REPUBLIKA.CO.ID, JAKARTA -- Indonesia menjadi satu-satunya negara Asia Tenggara yang memiliki pelampung pendeteksi perubahan cuaca (buoy). Hal ini dikatakan peneliti utama badan pengkajian dan penerapan teknologi (BPPT), Fadly Syamsudin. "Selama ini yang memiliki teknologi ini adalah Amerika dan Jepang," katanya, Senin (12/3).
Amerika memiliki National Oceanography and Atmospheric Agency (NOAA). NOAA ditempatkan di samudera Pasifik tengah sampai timur. Sementara Jepang di Samudera Pasifik bagian barat, memiliki 15 buoy. "Indonesia menjadi negara ASEAN pertama," ujarnya.
Buoy ini mulai dioperasikan pada juni 2011 dan ditempatkan di utara Papua.
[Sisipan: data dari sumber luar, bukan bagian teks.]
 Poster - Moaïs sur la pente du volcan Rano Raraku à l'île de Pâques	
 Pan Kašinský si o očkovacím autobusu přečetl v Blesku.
Pelampung ini mendeteksi parameter cuaca seperti suhu, radiasi, kekuatan arus, dan kecepatan angin. Buoy bisa mendeteksi sampai sepuluh meter di atas permukaan, dan 500 meter di bawah permukaan laut. Saat ini Indonesia baru memiliki satu buoy.
Alat dan teknologi ini, kata dia, diharapkan bisa memberi informasi detail tentang perubahan cuaca di laut. Fadli mengatakan, perubahan cuaca di laut berefek pada daratan. "Misalnya badai. Walaupun terjadi di darat, didahului perubahan suhu di laut. Hal ini diakibatkan suhu permukaan laut tinggi. Sehingga tekanan permukaan menjadi rendah. Akibatnya terjadi aliran massa udara dari laut ke permukaan," ujarnya.
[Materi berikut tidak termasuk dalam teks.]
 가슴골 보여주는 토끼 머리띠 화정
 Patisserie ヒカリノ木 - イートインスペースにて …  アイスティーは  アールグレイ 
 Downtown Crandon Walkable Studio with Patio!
Laut di utara Papua juga memiliki kolom panas. Kolom ini memiliki luas sebesar Benua Australia dengan suhu 19 sampai 30 derajat. Kolom panas ini berpindah-pindah dan berpengaruh pada perubahan cuaca di lautan.
Dia mengatakan, keberadaan buoy diharapkan bisa memberi peringatan dini cuaca di laut. Sehingga perubahan sekecil apapun bisa cepat terdeteksi. Hal ini untuk mendukung pemberian peringatan dini adanya bencana (early warning system).